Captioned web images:
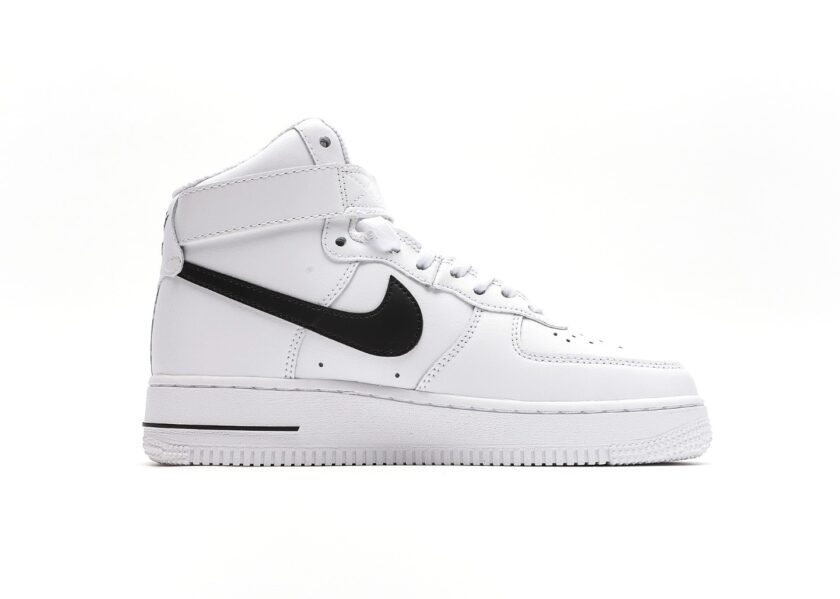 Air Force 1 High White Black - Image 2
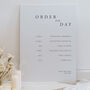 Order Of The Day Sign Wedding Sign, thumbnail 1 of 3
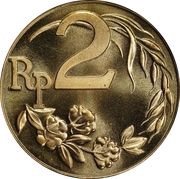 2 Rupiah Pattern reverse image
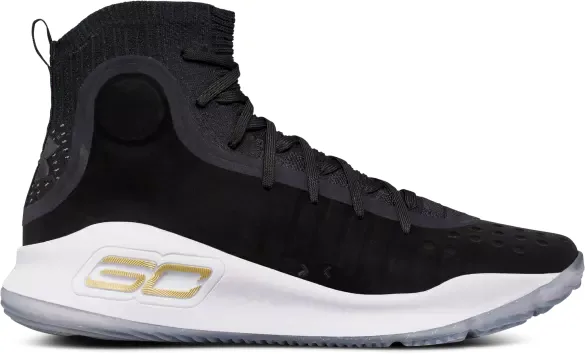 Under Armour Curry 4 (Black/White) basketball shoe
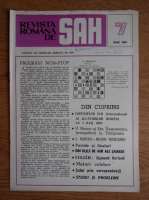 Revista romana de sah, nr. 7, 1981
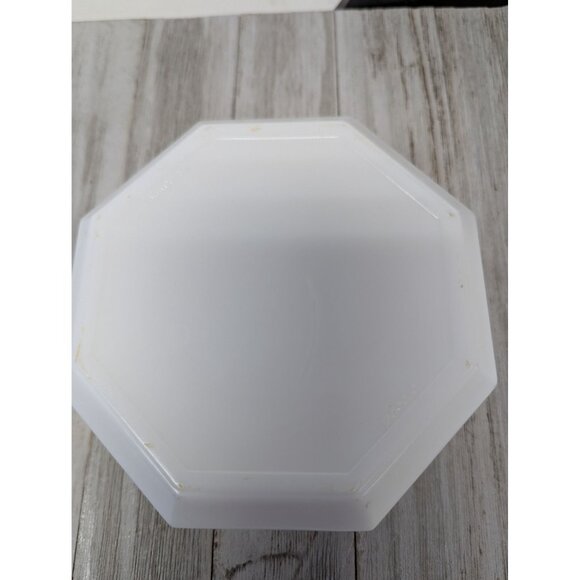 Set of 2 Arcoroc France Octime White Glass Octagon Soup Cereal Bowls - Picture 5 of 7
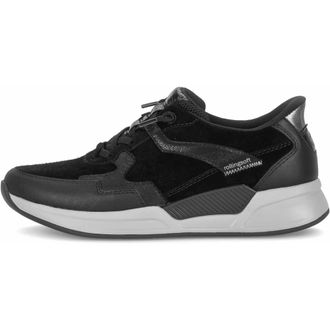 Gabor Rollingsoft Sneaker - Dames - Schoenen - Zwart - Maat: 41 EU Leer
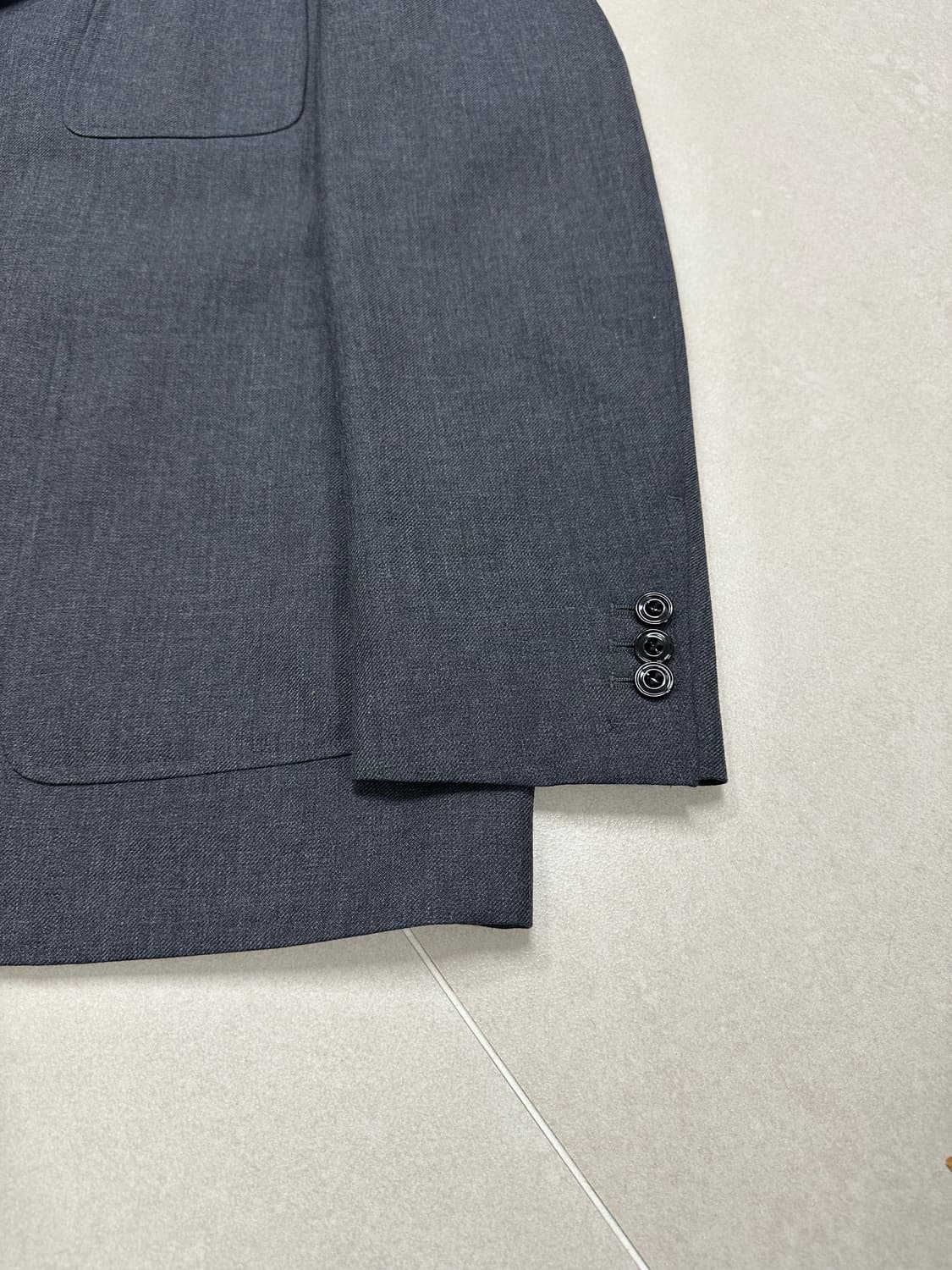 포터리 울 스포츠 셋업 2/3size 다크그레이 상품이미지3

■ **Task details**
Restate, word for word, each line from the line containing "Revista romana de sah, nr. 7, 1981" through the end of the entries above; the pictures are not part of the copy.

■ **Solution**
 Revista romana de sah, nr. 7, 1981
 Set of 2 Arcoroc France Octime White Glass Octagon Soup Cereal Bowls - Picture 5 of 7
 Gabor Rollingsoft Sneaker - Dames - Schoenen - Zwart - Maat: 41 EU Leer
 포터리 울 스포츠 셋업 2/3size 다크그레이 상품이미지3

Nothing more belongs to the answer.